Abstract: The demand for routing tailored to electric vehicles will increase in the future due to the increasing number of users of electric vehicles. A growing number of people will face the same problem. What is the fastest energy-optimized route for my electric car to my destination? This paper describes the factors that influence the energy-optimized routing of electric vehicles. In particular, it shows how the influencing factors are used in routing and how they can be mathematically combines to obtain a general description. The influencing factors: topology of charging stations, energy consumption, topology of infrastructure, seasonal dependency and individual driving behaviour are described. Furthermore, this paper shows the interactions between the factors. A new method for determining necessary edge weights is then presented mathematically in general. This weighting function was developed in the DLR project "Vehicle Intelligence and Smart Gearing" using empirical data analysis. The resulting equation can be applied iteratively to existing routing graphs to determine qualified edge weights. Existing current methods for routing are using the manufacturer information for the power consumption per 100 kilometers to generate a weight for their edges on the routing graph. Since consumption is only measured by the distance travelled, the shortest distance is always the one with the lowest energy consumption.
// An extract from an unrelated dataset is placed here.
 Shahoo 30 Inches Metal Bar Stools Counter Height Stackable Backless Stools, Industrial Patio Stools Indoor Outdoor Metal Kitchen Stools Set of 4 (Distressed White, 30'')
Furthermore, in existing systems, the consumption is always constant for the same distance. This does not correspond to reality, since the range or consumption can increase or decrease with temperature differences. In addition, manufacturers of electric vehicles produce standardized consumption values that are generated under laboratory conditions and cannot be reproduced in reality. This paper shows how a single function can look like that mathematically combines different influencing factors. This result can be applied to existing routing systems to generate new, more qualified edge weights for energy-optimized routing.